Blacksmith meet cute

I met a blacksmith at a Christmas party the other day.

Not the usual meet cute, I grant you.

His name was Tom, and he’s not just any old blacksmith – he makes customised armour for battle re-enactments.

I’d assumed the armour used for such purposes was plastic, but no, it’s actual armour, manufactured from steel, and making it and selling it is quite the endeavour.

It takes 2-3 months to prepare most orders (with their biggest order taking 18 months to complete).

There’s more demand than supply in the UK, so they get plenty of work, but I wondered whether there might be competition from overseas.

He told me that while you can source cheaper armour from Eastern Europe, they can’t offer customised fitting, so his target market isn’t interested in lower prices from further afield.

That’s when I forgot the hat I was supposed to have on.

Rather than “entertained guest at the party”, I immediately put on my “business owner who loves sales, niche offerings, and pricing”.

I immediately jumped in with, “Wow, that is brilliant, you have a trapped market, you can charge whatever you want!”.

Tom looked at me blankly: “No, we can’t because it is a luxury item.
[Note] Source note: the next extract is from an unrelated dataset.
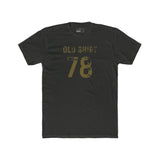 Old Shirt 78 Vintage Graphic T-Shirt Sarcastic Retro Sports Number Tee
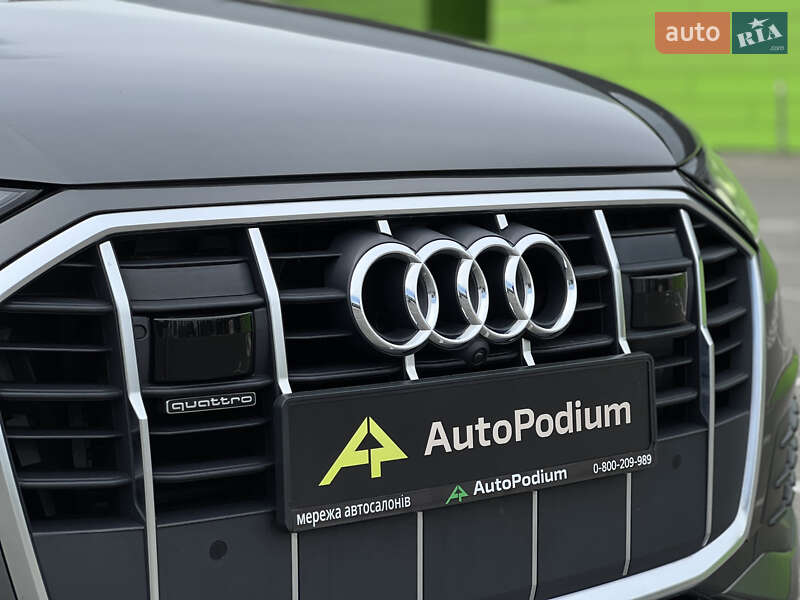 Позашляховик / Кросовер Audi Q7 2021 в Києві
People don’t have spare money for luxury items. You can increase the price on something they need, but not on a luxury item”.

Still not reading the room, I replied with, “Look at Rolex. Who NEEDS a Rolex? No one. But there are plenty of people willing and able to pay them £19,000 for a glorified Casio watch!”.

“Armour is not like a Rolex”.

“No, it is even better, as it is not even conceivably utilitarian. If they have the spare money to buy customised armour, then they won’t miss an extra £500 or £1,000 for the same armour, which would be pure profit. “

“No, that is not how luxury goods work”.

And that is when I realised I was talking to the blacksmith. Not the business owner, not the sales and marketing guy.

Tom was extremely able when it came to producing armour. But it was down to someone else to sell it, so he didn’t have to worry himself about trifling things like price elasticity.